### The problem
In the data below, find the line containing "All I have to" and the line containing "I finished up", then reproduce them and every line between, exactly. Omit pictures.

### Data supplied
::::

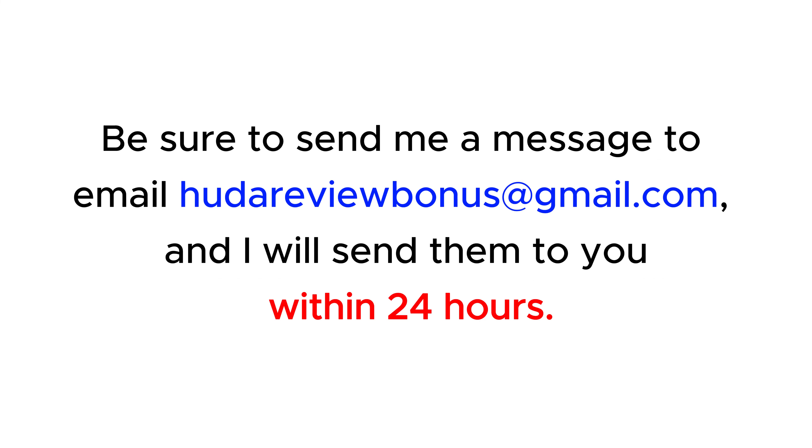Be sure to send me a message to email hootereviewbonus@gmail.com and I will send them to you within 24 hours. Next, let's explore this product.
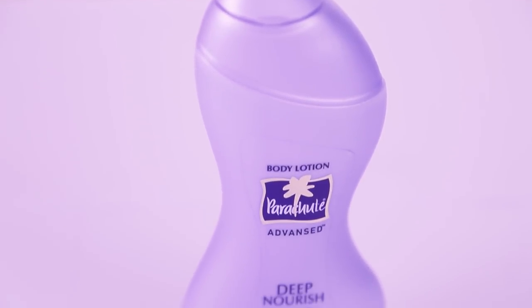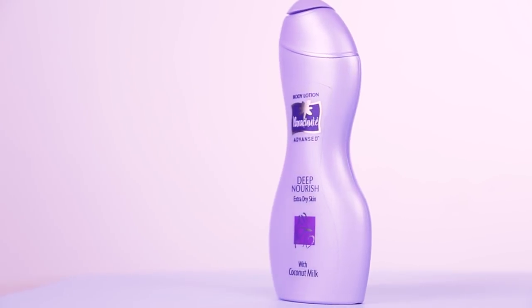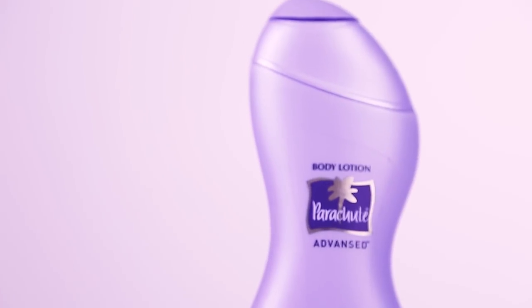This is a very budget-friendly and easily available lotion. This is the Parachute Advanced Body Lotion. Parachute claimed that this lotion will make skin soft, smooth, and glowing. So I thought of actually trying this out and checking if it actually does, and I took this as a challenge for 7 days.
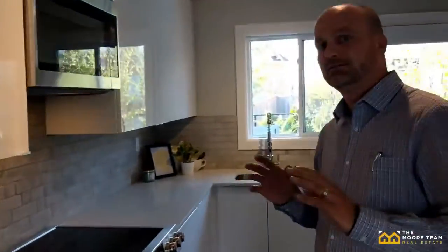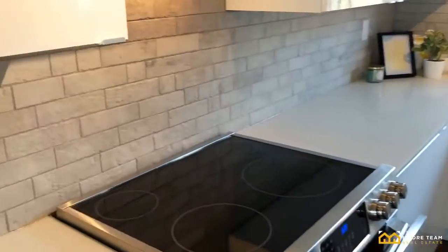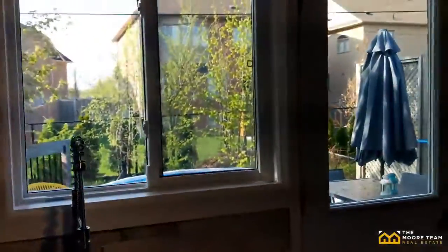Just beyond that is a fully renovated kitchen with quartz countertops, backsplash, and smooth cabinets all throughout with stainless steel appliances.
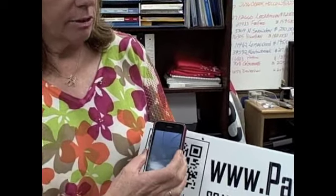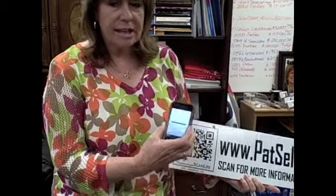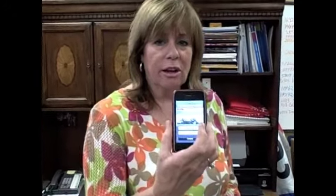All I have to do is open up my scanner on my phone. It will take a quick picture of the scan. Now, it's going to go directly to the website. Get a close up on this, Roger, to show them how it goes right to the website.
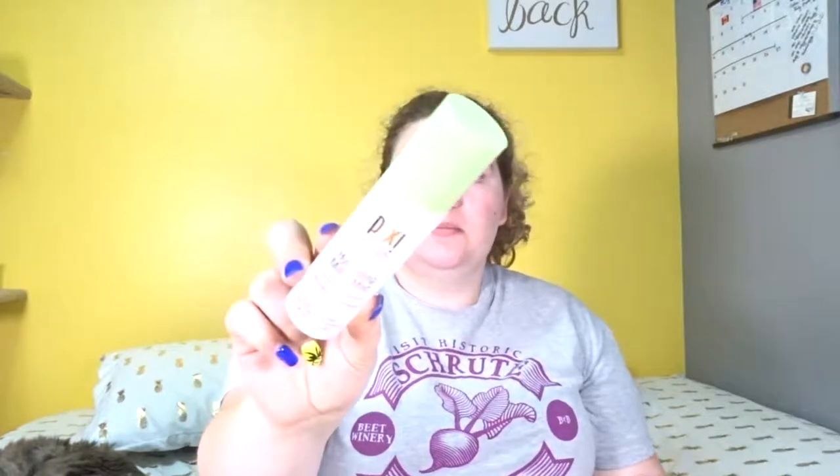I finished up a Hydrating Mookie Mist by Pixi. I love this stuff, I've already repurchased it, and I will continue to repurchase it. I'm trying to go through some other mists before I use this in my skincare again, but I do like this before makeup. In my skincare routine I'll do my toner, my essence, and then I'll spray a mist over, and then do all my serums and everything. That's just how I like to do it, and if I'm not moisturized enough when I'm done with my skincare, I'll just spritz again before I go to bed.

::::

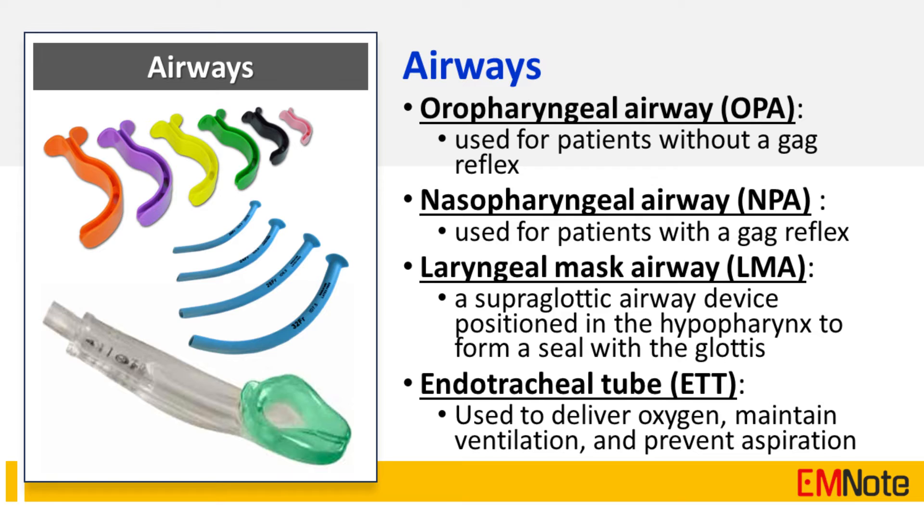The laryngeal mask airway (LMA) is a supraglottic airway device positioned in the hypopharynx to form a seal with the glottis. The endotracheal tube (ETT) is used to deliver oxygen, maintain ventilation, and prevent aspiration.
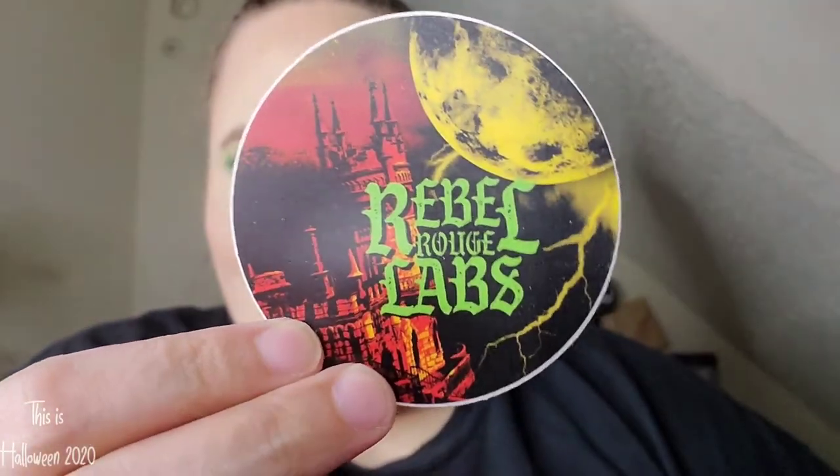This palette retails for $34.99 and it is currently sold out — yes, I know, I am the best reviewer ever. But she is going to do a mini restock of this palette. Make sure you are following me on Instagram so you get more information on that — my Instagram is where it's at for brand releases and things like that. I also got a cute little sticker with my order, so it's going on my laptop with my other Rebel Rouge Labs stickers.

::::

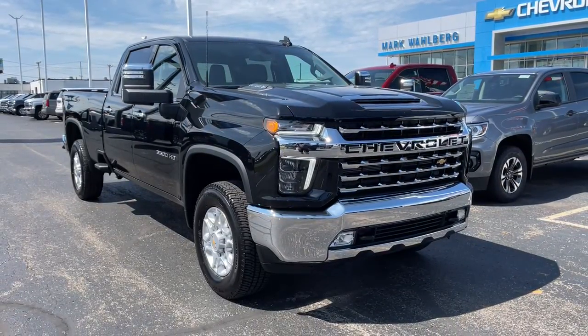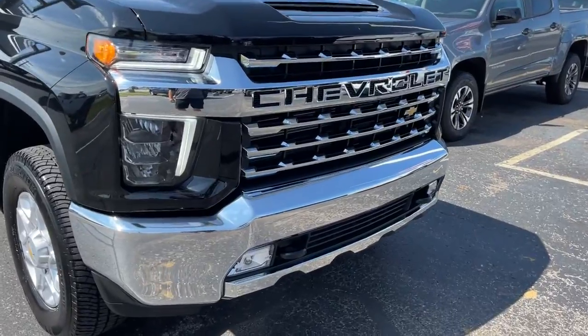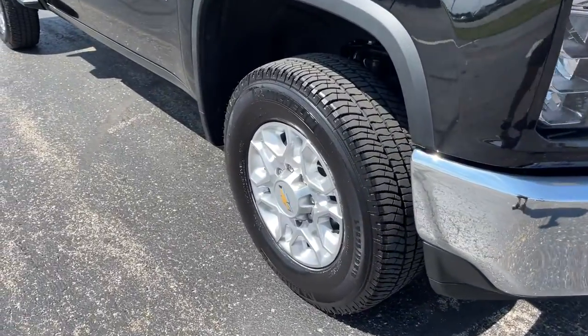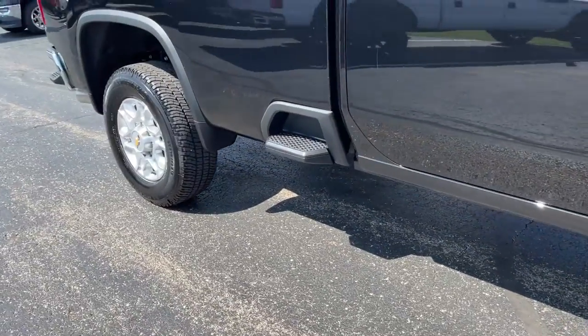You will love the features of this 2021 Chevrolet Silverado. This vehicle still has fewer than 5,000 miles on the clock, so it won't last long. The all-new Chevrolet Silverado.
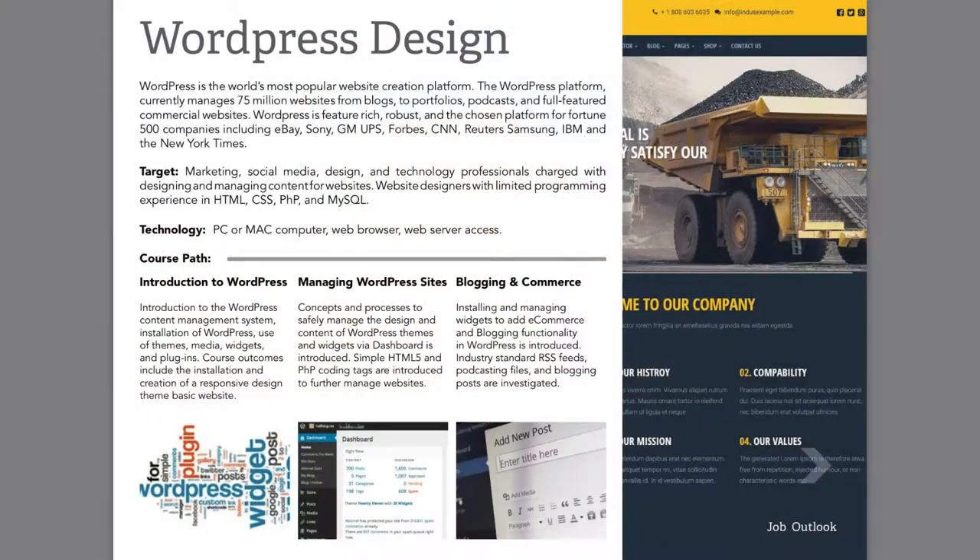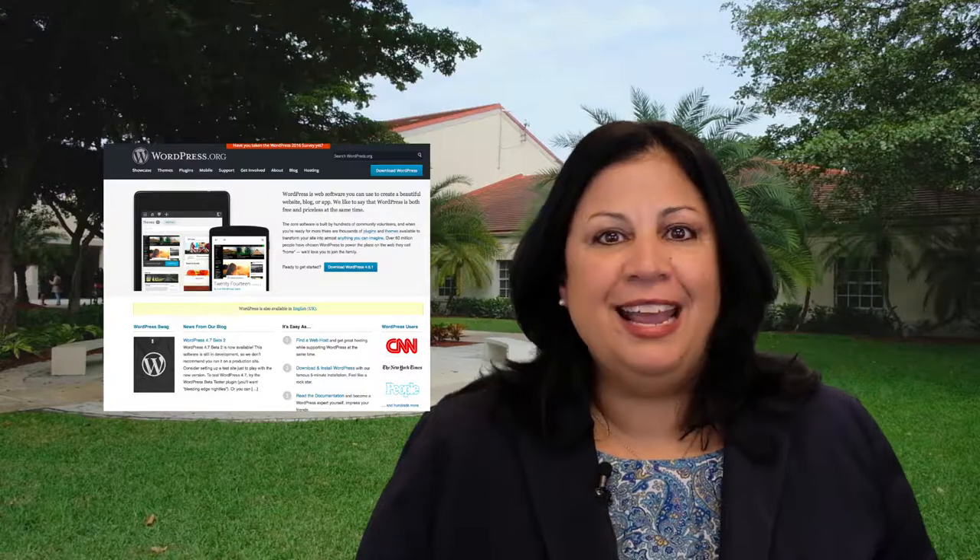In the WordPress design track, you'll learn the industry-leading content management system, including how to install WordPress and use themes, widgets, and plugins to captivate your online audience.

::::

### Exercise answer
All I have to do is open up my scanner on my phone. It will take a quick picture of the scan. Now, it's going to go directly to the website. Get a close up on this, Roger, to show them how it goes right to the website.
I finished up a Hydrating Mookie Mist by Pixi. I love this stuff, I've already repurchased it, and I will continue to repurchase it. I'm trying to go through some other mists before I use this in my skincare again, but I do like this before makeup. In my skincare routine I'll do my toner, my essence, and then I'll spray a mist over, and then do all my serums and everything. That's just how I like to do it, and if I'm not moisturized enough when I'm done with my skincare, I'll just spritz again before I go to bed.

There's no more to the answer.